I have turned left and am now faced with a choice; to continue straight
ahead and past an old schoolmate's house, or turn right. I choose right,
because that way I walk past the old church hall where I went to Brownies
and Guides, and to so many bazaars where they sold those tiny dolls’
cradles, covered in white lace and cotton. (I also avoid passing the
house where I wet myself as a little girl and was never allowed to forget
Now past the huge oak trees, which gave me somewhere to play, and the
road, its name. We are back where we started, at the other end of the
road, the bottom of the hill, by the college where I started to re-take
my 0-levels, and gave up after one short term. I will stop here where
the bend in the crescent prevents me from seeing my mother's house.
It is no longer mine to visit; someone else lives there, making their
own memories. My nocturnal visits are an invasion that I cannot avoid,
but there is no need to describe every nook and cranny to you. Its secrets
will remain unknown, and one day, for example, someone will ascend to
the chimney of that house and find the little message my maverick father
attached up there, indicating the demarcation line between the two owners
of the stack, and wonder what kind of strange person bothered, but there
will be no-one to enlighten them.
Instead I continue up the road towards the old by-pass. On the left
is the house belonging to an older boy, on whom I decided we should
spy, as he was 'suspicious'. My playmates and I had a commando group,
built tanks out of tea chests and hid in the bushes and trees of the
park that I am now approaching. Before me stands the old by-pass, built
in the 1930s to relieve the old, straight Roman route through the town
centre. (This by-pass is now by-passed by a by-pass that passes the
town by completely.) I cross and go left here towards one of my junior
schools and the waste land where we played in the secret hillocks and
trenches. Opposite is the footpath, running between a cornfield and
an overgrown walled orchard, once belonging to the mansion whose owners’
predecessors rest in the cathedral. Now there are houses where we used
to play, but I can block them out, because my memories of play are stronger.
I have seen enough. I yearn for a past that exists only in my nightmares.
All are gone who made that a living, meaningful landscape.
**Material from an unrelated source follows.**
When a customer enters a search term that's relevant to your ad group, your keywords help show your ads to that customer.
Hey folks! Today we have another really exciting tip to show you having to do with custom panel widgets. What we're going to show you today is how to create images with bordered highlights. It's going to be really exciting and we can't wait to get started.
No-one is
left in that town to dilute the negativity and pain. For all that it
is apparently a vibrant and expanding young city, it would be the loneliest
place on earth. There is no-one except ghosts to visit, to talk to,
no-one with whom I have a past. Going there would be devastating and
therefore it might as well be immured by a hundred foot wall. In the
time when, to a child, life stretches in front to infinity, I thought
those people who made my life hell or heaven were there forever; that
they would never leave me alone. Now that they have, I want them back
so terribly. I can want as much as I like, but they cannot and will
not come back and so the city I have forbidden myself, remains closed
until further notice, whilst a heart by-pass is performed.